───── Data excerpts ─────
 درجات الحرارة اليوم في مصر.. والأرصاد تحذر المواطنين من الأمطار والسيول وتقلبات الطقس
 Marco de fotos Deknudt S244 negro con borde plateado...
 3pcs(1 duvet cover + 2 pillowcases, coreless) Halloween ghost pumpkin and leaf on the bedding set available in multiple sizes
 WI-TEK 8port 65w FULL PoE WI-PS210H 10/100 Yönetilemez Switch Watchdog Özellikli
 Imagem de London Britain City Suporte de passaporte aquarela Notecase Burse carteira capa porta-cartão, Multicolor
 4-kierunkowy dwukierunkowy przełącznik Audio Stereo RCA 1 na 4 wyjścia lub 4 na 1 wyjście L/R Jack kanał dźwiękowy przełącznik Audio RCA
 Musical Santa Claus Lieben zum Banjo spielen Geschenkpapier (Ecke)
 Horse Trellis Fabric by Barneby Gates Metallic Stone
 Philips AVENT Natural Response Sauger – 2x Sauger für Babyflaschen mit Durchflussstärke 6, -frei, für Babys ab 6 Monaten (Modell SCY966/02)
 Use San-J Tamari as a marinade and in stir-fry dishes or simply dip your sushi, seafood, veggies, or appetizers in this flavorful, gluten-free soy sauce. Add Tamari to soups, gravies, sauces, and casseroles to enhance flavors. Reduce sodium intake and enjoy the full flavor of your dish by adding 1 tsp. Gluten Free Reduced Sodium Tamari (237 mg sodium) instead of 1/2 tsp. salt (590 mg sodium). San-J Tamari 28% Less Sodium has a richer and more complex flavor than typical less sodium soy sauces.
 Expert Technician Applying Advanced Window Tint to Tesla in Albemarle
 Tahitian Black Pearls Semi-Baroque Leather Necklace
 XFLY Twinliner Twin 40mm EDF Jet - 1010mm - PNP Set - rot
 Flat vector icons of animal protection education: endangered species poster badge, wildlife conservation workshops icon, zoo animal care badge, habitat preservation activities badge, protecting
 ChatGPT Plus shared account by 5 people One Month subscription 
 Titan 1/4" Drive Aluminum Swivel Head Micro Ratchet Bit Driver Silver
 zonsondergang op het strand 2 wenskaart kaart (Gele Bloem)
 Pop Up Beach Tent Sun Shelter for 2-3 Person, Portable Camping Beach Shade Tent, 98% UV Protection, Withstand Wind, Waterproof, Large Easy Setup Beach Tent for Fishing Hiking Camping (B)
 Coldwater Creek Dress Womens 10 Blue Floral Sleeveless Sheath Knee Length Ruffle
─────
A faithful copy of every record is required; output it in full.

 درجات الحرارة اليوم في مصر.. والأرصاد تحذر المواطنين من الأمطار والسيول وتقلبات الطقس
 Marco de fotos Deknudt S244 negro con borde plateado...
 3pcs(1 duvet cover + 2 pillowcases, coreless) Halloween ghost pumpkin and leaf on the bedding set available in multiple sizes
 WI-TEK 8port 65w FULL PoE WI-PS210H 10/100 Yönetilemez Switch Watchdog Özellikli
 Imagem de London Britain City Suporte de passaporte aquarela Notecase Burse carteira capa porta-cartão, Multicolor
 4-kierunkowy dwukierunkowy przełącznik Audio Stereo RCA 1 na 4 wyjścia lub 4 na 1 wyjście L/R Jack kanał dźwiękowy przełącznik Audio RCA
 Musical Santa Claus Lieben zum Banjo spielen Geschenkpapier (Ecke)
 Horse Trellis Fabric by Barneby Gates Metallic Stone
 Philips AVENT Natural Response Sauger – 2x Sauger für Babyflaschen mit Durchflussstärke 6, -frei, für Babys ab 6 Monaten (Modell SCY966/02)
 Use San-J Tamari as a marinade and in stir-fry dishes or simply dip your sushi, seafood, veggies, or appetizers in this flavorful, gluten-free soy sauce. Add Tamari to soups, gravies, sauces, and casseroles to enhance flavors. Reduce sodium intake and enjoy the full flavor of your dish by adding 1 tsp. Gluten Free Reduced Sodium Tamari (237 mg sodium) instead of 1/2 tsp. salt (590 mg sodium). San-J Tamari 28% Less Sodium has a richer and more complex flavor than typical less sodium soy sauces.
 Expert Technician Applying Advanced Window Tint to Tesla in Albemarle
 Tahitian Black Pearls Semi-Baroque Leather Necklace
 XFLY Twinliner Twin 40mm EDF Jet - 1010mm - PNP Set - rot
 Flat vector icons of animal protection education: endangered species poster badge, wildlife conservation workshops icon, zoo animal care badge, habitat preservation activities badge, protecting
 ChatGPT Plus shared account by 5 people One Month subscription 
 Titan 1/4" Drive Aluminum Swivel Head Micro Ratchet Bit Driver Silver
 zonsondergang op het strand 2 wenskaart kaart (Gele Bloem)
 Pop Up Beach Tent Sun Shelter for 2-3 Person, Portable Camping Beach Shade Tent, 98% UV Protection, Withstand Wind, Waterproof, Large Easy Setup Beach Tent for Fishing Hiking Camping (B)
 Coldwater Creek Dress Womens 10 Blue Floral Sleeveless Sheath Knee Length Ruffle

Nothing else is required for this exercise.